Some of the Work of Artist mri-Pilar |
The
interior of her house is now filled floor-to-ceiling with the highly original and idiosyncratic works of mri-Pilar. I loved reading her artist's statement:
Grassroots is a handy nest for a
self-taught artist who doesn't buy into the
don't-grow-don't-change-don't-make-people-feel-insecure decaying
art world. If those who spout
"post-modernism" lived it, we'd be in the company of sages.
She also
adds: "This statement is subject to
change in an hour, in a day, every day . . ."
There was
so much more to see in Lucas, but the afternoon was scorching hot. I headed to
the public library, the coolest place in town. Now, you have to know that I
love libraries.

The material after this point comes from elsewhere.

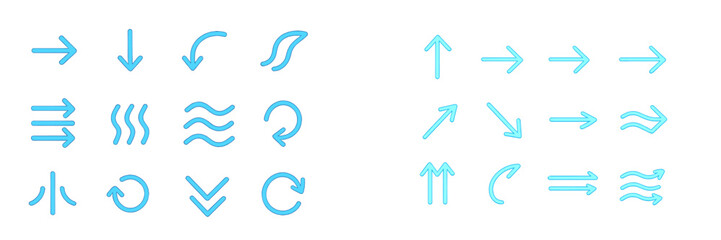 Poster - Collection of various directional arrows and symbols in light blue against a white background showcasing movement and flow concepts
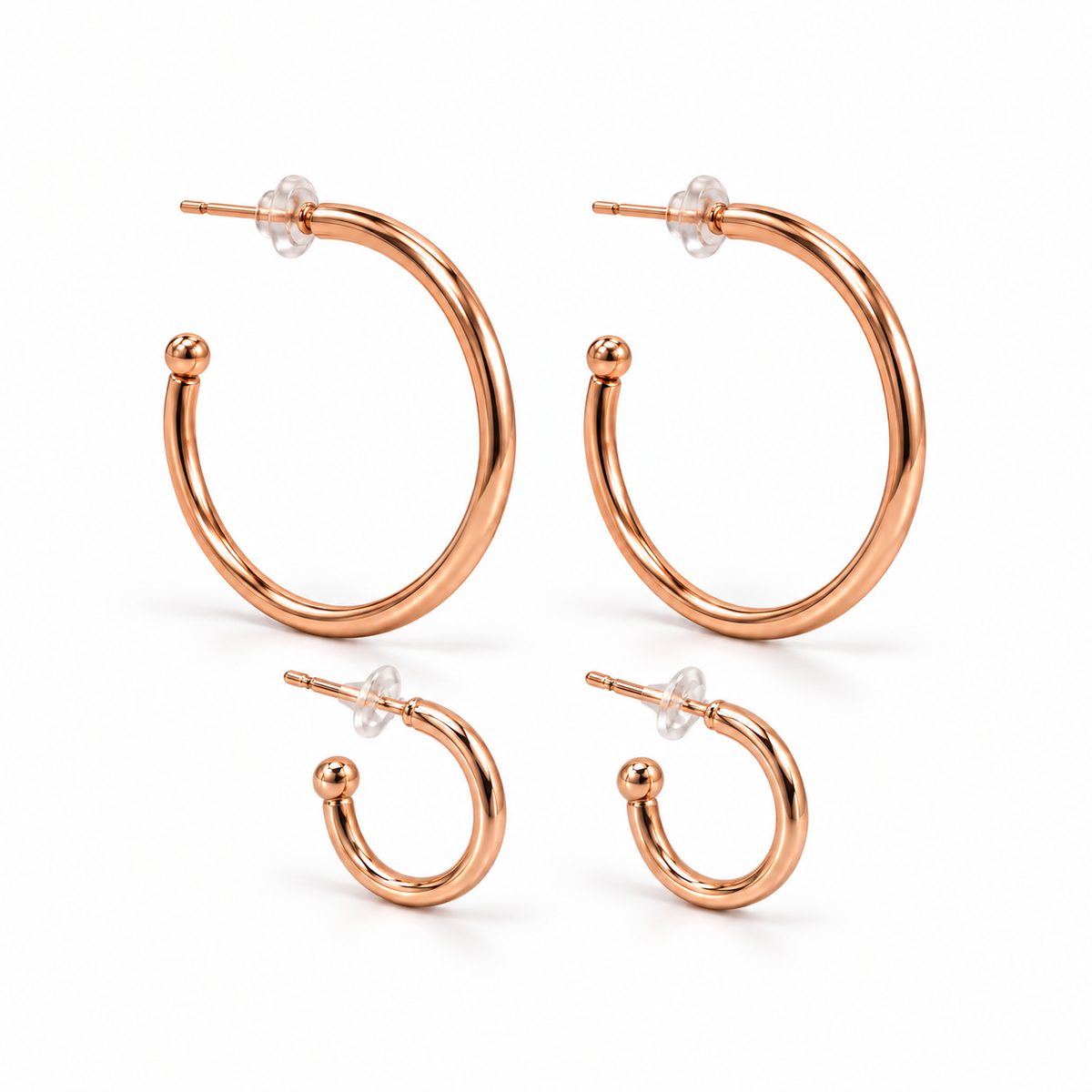 Rose-Gold-Tone Hoop Earring Set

This one had two rooms and 5,592 books at last count. I found a
cozy table in the children's corner and did a bit of work while I waited for
temperature to drop a bit.
As I sat
there, I couldn't help but overhear the conversations the librarian was having
with the local people who wandered in to share the news of the day or a tidbit
of gossip. "You're the town psychologist," I kidded her. She laughed.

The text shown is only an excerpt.